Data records

━━━

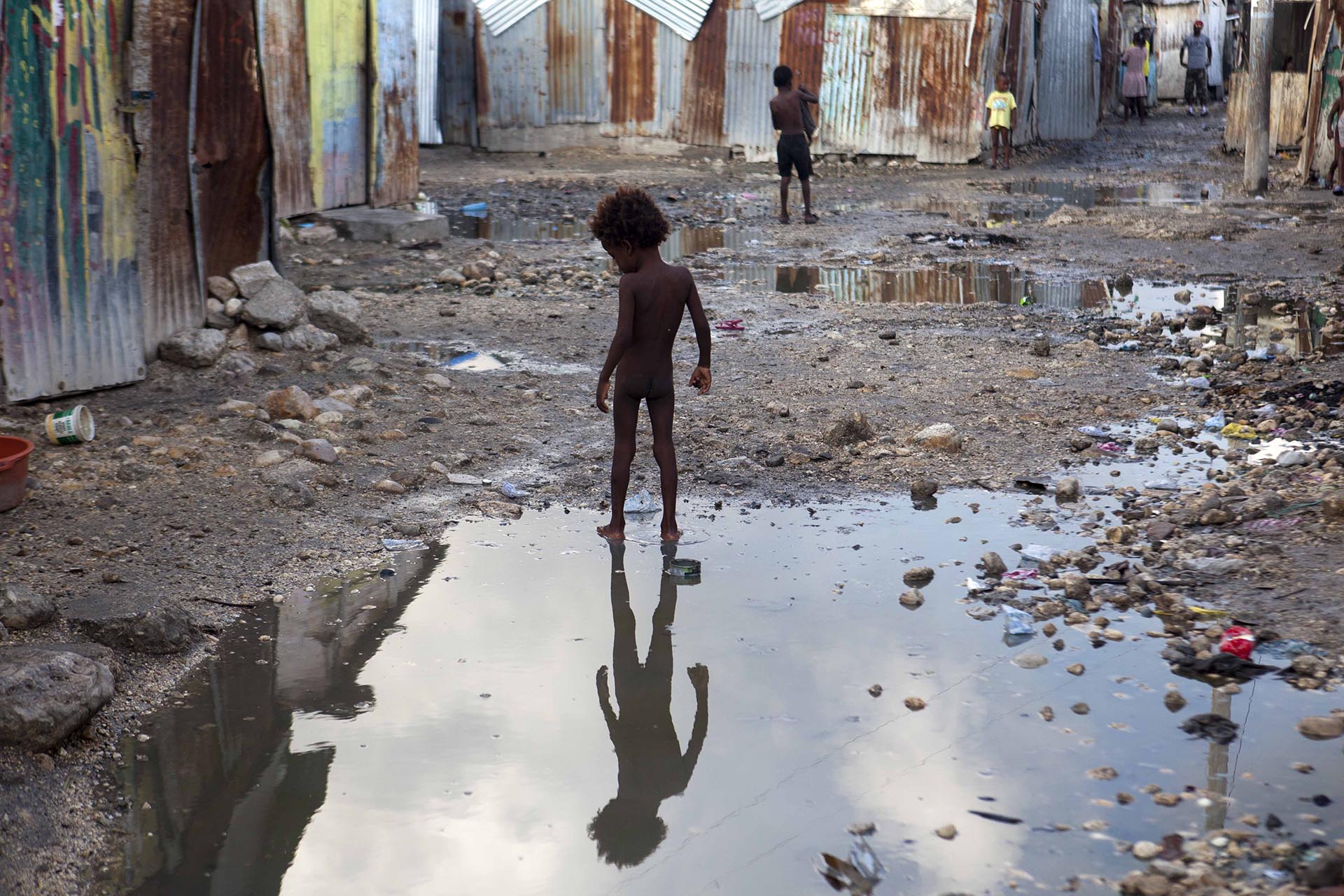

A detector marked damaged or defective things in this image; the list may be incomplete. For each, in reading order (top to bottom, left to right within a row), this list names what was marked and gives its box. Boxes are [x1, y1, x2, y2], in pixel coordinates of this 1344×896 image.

rusty corrugated metal sheet [1, 0, 147, 400]
rusty corrugated metal sheet [133, 0, 202, 354]
rusty corrugated metal sheet [195, 0, 270, 276]
rusty corrugated metal sheet [259, 0, 317, 214]
rusty corrugated metal sheet [304, 0, 368, 209]
rusty corrugated metal sheet [370, 0, 416, 205]
rusty corrugated metal sheet [416, 0, 443, 141]
rusty corrugated metal sheet [440, 0, 478, 141]
rusty corrugated metal sheet [472, 4, 545, 127]
rusty corrugated metal sheet [545, 0, 610, 122]
rusty corrugated metal sheet [610, 0, 655, 127]
rusty corrugated metal sheet [677, 0, 731, 144]
rusty corrugated metal sheet [725, 6, 779, 160]
rusty corrugated metal sheet [817, 10, 871, 150]
rusty corrugated metal sheet [1032, 0, 1096, 138]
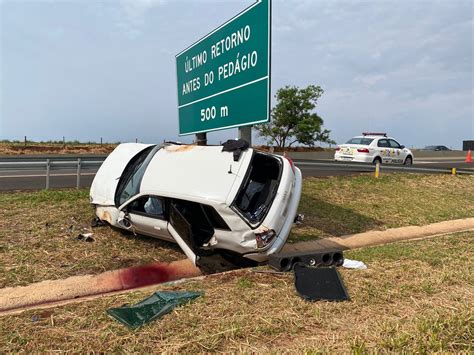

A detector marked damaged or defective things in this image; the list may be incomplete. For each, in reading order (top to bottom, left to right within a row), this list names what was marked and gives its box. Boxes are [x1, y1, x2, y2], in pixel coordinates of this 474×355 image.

damaged white car [90, 142, 302, 272]
overturned white car [90, 142, 302, 272]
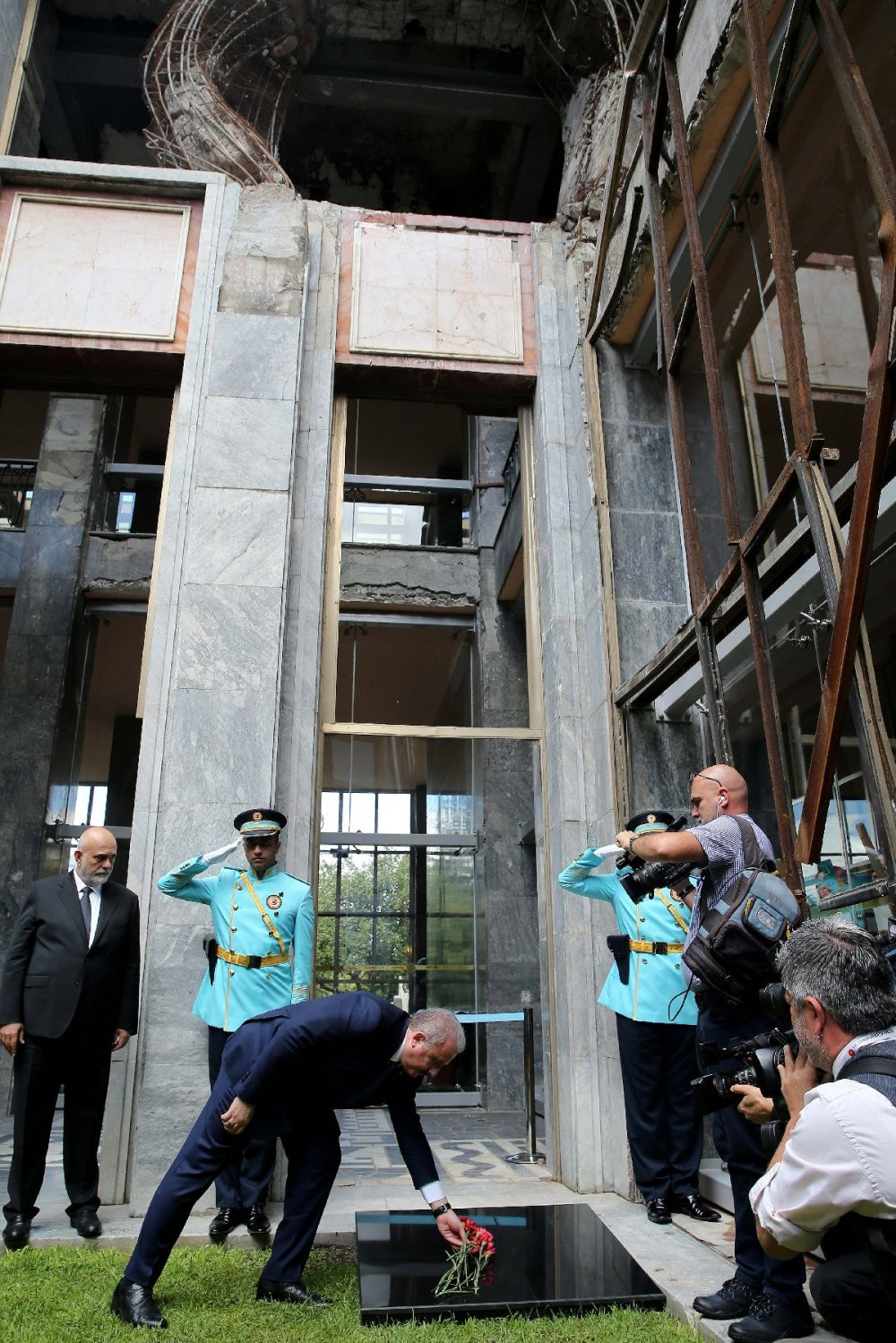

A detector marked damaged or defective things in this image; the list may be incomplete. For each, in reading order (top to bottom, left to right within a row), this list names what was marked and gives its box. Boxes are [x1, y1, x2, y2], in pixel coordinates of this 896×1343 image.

damaged ceiling [24, 0, 633, 220]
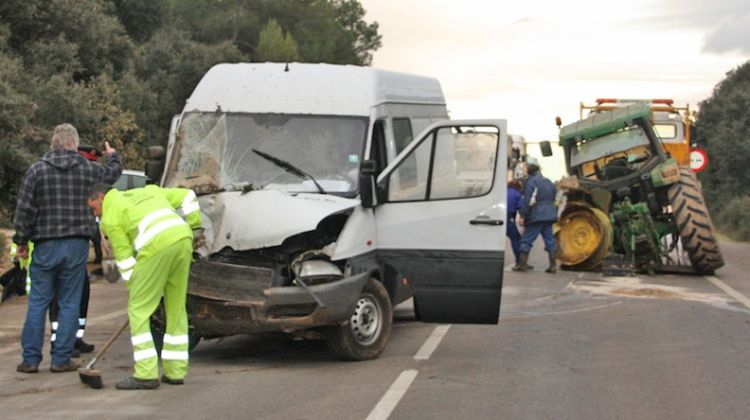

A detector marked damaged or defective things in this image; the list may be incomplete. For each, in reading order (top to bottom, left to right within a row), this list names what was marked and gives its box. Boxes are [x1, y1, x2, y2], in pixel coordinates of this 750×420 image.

shattered windshield [168, 113, 374, 195]
crumpled van hood [198, 189, 360, 254]
damaged white van [146, 63, 508, 360]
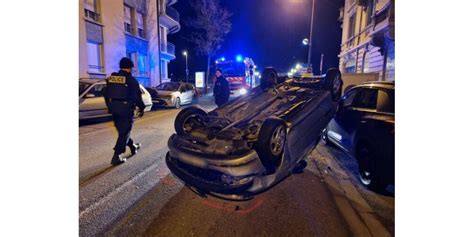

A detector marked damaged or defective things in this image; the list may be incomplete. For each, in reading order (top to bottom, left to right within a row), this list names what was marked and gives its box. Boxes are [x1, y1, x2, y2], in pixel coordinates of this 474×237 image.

damaged vehicle [166, 67, 340, 200]
overturned car [165, 67, 342, 200]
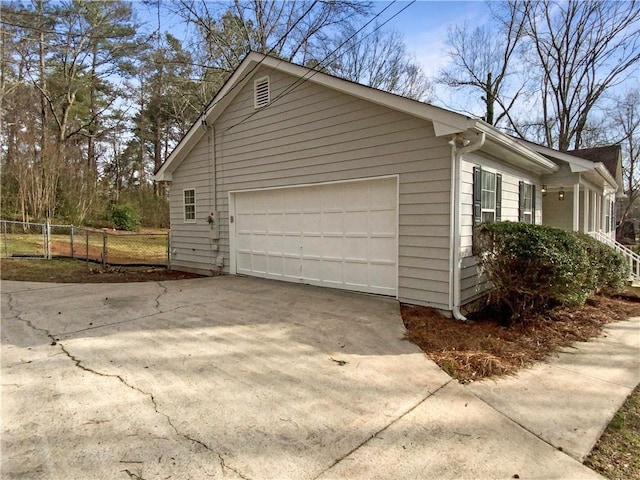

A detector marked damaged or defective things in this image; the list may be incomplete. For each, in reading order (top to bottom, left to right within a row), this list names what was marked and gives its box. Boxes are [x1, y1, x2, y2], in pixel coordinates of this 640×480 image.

crack in concrete [312, 380, 452, 478]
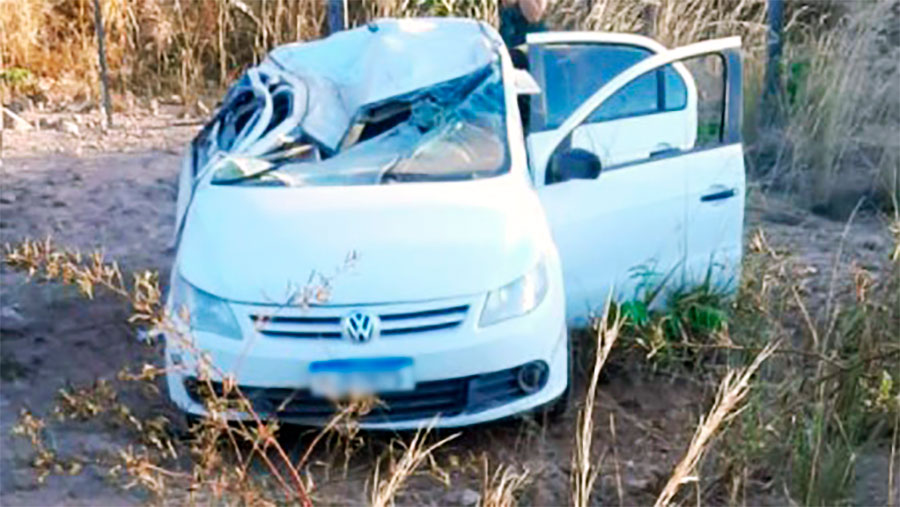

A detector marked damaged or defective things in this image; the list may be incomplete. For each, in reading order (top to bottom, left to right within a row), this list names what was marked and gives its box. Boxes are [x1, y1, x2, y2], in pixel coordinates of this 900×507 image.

━━━

Pictures don't belong in the copy. Restate all the entries exactly.

THE ANSWER
A detector marked damaged or defective things in this image; the list may be incomplete. For each, in reading order (top to bottom, left to right within a row), this list names what was marked and gives its box. Boxes are [x1, y1, x2, y2], in pixel coordinates of this 1344×896 image.

rusty corrugated metal sheet [1, 0, 147, 400]
rusty corrugated metal sheet [133, 0, 202, 354]
rusty corrugated metal sheet [195, 0, 270, 276]
rusty corrugated metal sheet [259, 0, 317, 214]
rusty corrugated metal sheet [304, 0, 368, 209]
rusty corrugated metal sheet [370, 0, 416, 205]
rusty corrugated metal sheet [416, 0, 443, 141]
rusty corrugated metal sheet [440, 0, 478, 141]
rusty corrugated metal sheet [472, 4, 545, 127]
rusty corrugated metal sheet [545, 0, 610, 122]
rusty corrugated metal sheet [610, 0, 655, 127]
rusty corrugated metal sheet [677, 0, 731, 144]
rusty corrugated metal sheet [725, 6, 779, 160]
rusty corrugated metal sheet [817, 10, 871, 150]
rusty corrugated metal sheet [1032, 0, 1096, 138]

A detector marked damaged or defective things in this image; the list may be incomplete. For each, in reading order (top to bottom, left to right within a row), this list names what was marked and gives its box. Boxes are [x1, y1, x2, y2], in pixel coordinates of this 474×355 image.

damaged white car [90, 142, 302, 272]
overturned white car [90, 142, 302, 272]

A detector marked damaged or defective things in this image; the list may be incomplete. For each, in reading order (top to bottom, left to right within a row), this list names what was marked and gives its box. Boxes are [x1, y1, x2, y2], in pixel coordinates of this 896×1343 image.

damaged ceiling [24, 0, 633, 220]

A detector marked damaged or defective things in this image; the list may be incomplete. For each, in reading order (top to bottom, left to right within a row), this list names what was marked and gives its box. Boxes are [x1, y1, x2, y2], in pixel coordinates of this 750×420 image.

shattered windshield [168, 113, 374, 195]
crumpled van hood [198, 189, 360, 254]
damaged white van [146, 63, 508, 360]

A detector marked damaged or defective things in this image; the list may be incomplete. For each, in reading order (top to bottom, left to right within a row), this list names what was marked and gives its box. Boxes are [x1, y1, x2, y2], in pixel coordinates of this 474×237 image.

damaged vehicle [166, 67, 340, 200]
overturned car [165, 67, 342, 200]

A detector marked damaged or defective things in this image; the list may be incomplete. For each, in reading order (top to bottom, left to right within a row), this list names what was marked and gives its box. Boxes are [x1, y1, x2, y2], in pixel coordinates of this 640×480 image.

crack in concrete [312, 380, 452, 478]

A detector marked damaged or defective things in this image; the list may be incomplete. For each, in reading order (top to bottom, left to right within a row), this list names what was marked and gives its box. Boxes are [x1, y1, x2, y2], in pixel coordinates of this 900×507 image.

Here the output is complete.